It has further been found that the natural gas may be vaporized, NGLs recovered and the natural gas resulting from the vaporization of the LNG may be conditioned for delivery to a pipeline or for commercial use with the concurrent generation of electrical power by vaporizing at least a major portion of a stream of the liquefied natural gas to produce an at least partially vaporized natural gas stream; separating the at least partially vaporized natural gas stream into a gas stream and a liquid stream; compressing the gas stream to increase the pressure of the gas stream by about 50 to about 150 psi to produce a compressed gas stream; fractionating the liquid stream at a pressure greater than the pressure of the compressed gas stream to produce an overhead gas stream and a natural gas liquids stream; recovering the natural gas liquids stream; combining the overhead gas stream with the compressed gas stream to produce a combined gas stream; cooling the combined gas stream by heat exchange with the stream of liquefied natural gas to produce a liquid stream; pumping the liquid stream to produce a high-pressure liquid stream at a pressure from about 800 to about 1200 psig; vaporizing the high pressure liquid stream to produce a conditioned natural gas stream; passing at least one of a first portion and a second portion of a gas heat exchange fluid in heat exchange contact with at least one of the liquefied natural gas streams and the high-pressure liquid stream to cool the gas heat exchange fluid to produce a liquid heat exchange fluid; heating the high-pressure liquid heat exchange fluid to a temperature to vaporize the high-pressure liquid heat exchange fluid to produce a high pressure gas heat exchange fluid; driving an expander and electric power generator with the high-pressure gas heat exchange fluid to produce electric power and the gas heat exchange fluid; and, recycling the gas heat exchange fluid to heat exchange with the at least one of the liquefied natural gas stream and the high-pressure liquid stream.

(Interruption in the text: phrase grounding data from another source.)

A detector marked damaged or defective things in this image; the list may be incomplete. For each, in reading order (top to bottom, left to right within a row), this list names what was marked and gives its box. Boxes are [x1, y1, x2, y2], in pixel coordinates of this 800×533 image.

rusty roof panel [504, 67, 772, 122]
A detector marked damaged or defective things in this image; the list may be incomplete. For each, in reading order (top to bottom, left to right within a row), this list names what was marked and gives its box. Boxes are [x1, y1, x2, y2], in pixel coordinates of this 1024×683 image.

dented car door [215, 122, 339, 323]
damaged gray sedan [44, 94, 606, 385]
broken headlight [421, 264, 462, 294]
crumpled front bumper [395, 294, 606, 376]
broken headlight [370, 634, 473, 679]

Further, the present invention comprises: a liquefied natural gas inlet line in fluid communication with a liquefied natural gas source and a first heat exchanger; a distillation column in fluid communication with the first heat exchanger and having a gaseous vapor outlet and a natural gas liquids outlet; a compressor in fluid communication with the gaseous vapor outlet and a compressed gas outlet; a line in fluid communication with the compressed gas outlet and the first heat exchanger; and a pump in fluid communication with the first heat exchanger and a second heat exchanger.

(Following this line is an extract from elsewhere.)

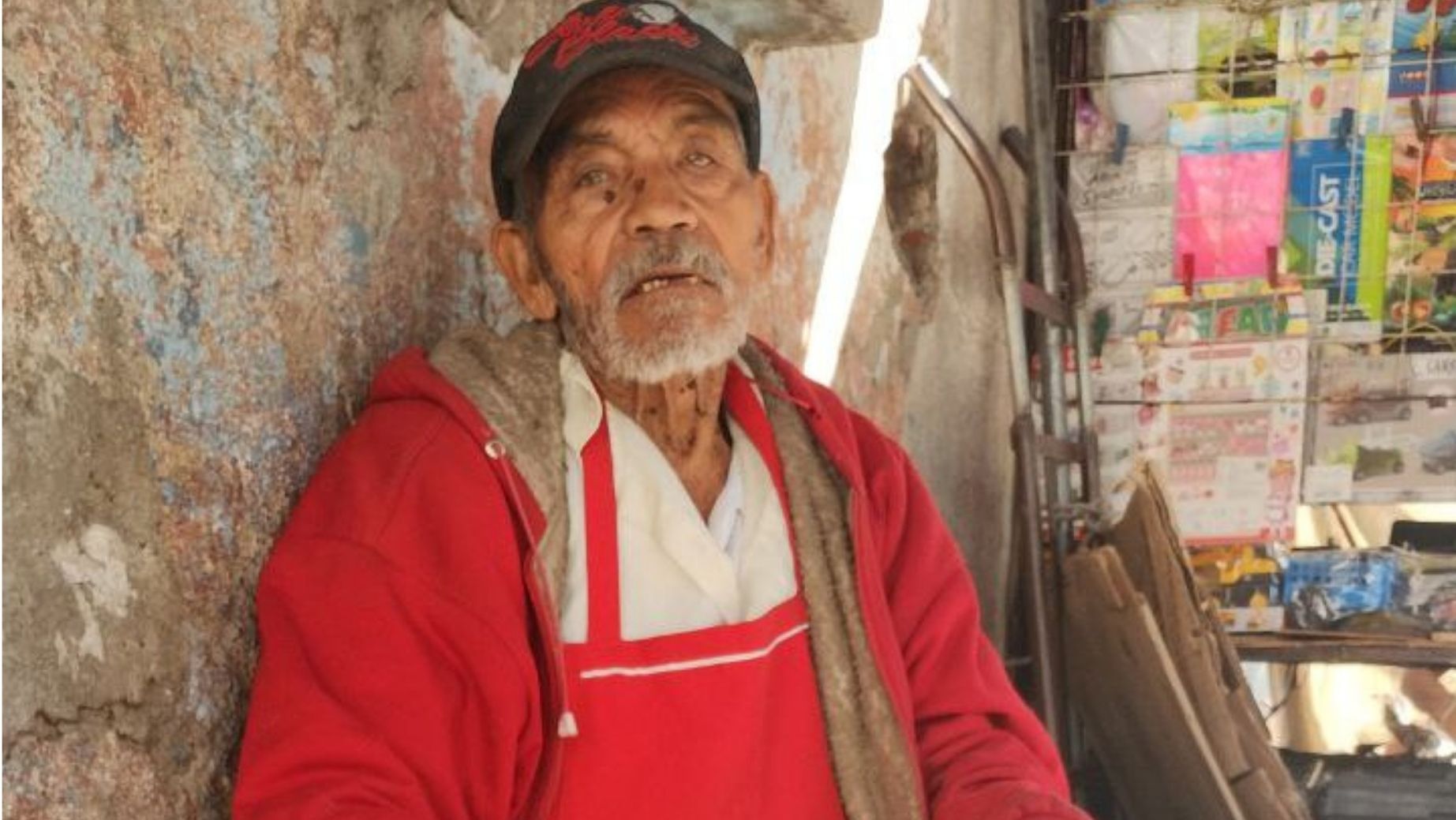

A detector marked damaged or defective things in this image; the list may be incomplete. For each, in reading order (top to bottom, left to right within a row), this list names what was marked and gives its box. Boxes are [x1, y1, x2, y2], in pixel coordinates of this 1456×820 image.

peeling paint wall [2, 0, 1023, 808]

The invention further comprises: a liquefied natural gas inlet line in fluid communication with a liquefied natural gas source and a first heat exchanger having a heated liquefied natural gas outlet; a separator vessel in fluid communication with the first heat exchanger and having a separator gas outlet and a separator liquids outlet; a pump in fluid communication with the separator liquids outlet and having a high-pressure liquid outlet; a distillation column in fluid communication with the high-pressure liquid outlet from the pump and having an overhead gas outlet and a natural gas liquids outlet; a compressor in fluid communication with the separator gas outlet and a compressed gas outlet; a line in fluid communication with the compressed gas outlet and the overhead gas outlet to combine the compressed gas and the overhead gas to produce a combined gas stream and to pass the combined gas stream to the first heat exchanger to produce a higher-pressure combined gas liquid stream; and, a pump in fluid communication with the first heat exchanger and a second heat exchanger, the second heat exchanger being adapted to at least partially vaporize the higher-pressure combined gas liquid stream.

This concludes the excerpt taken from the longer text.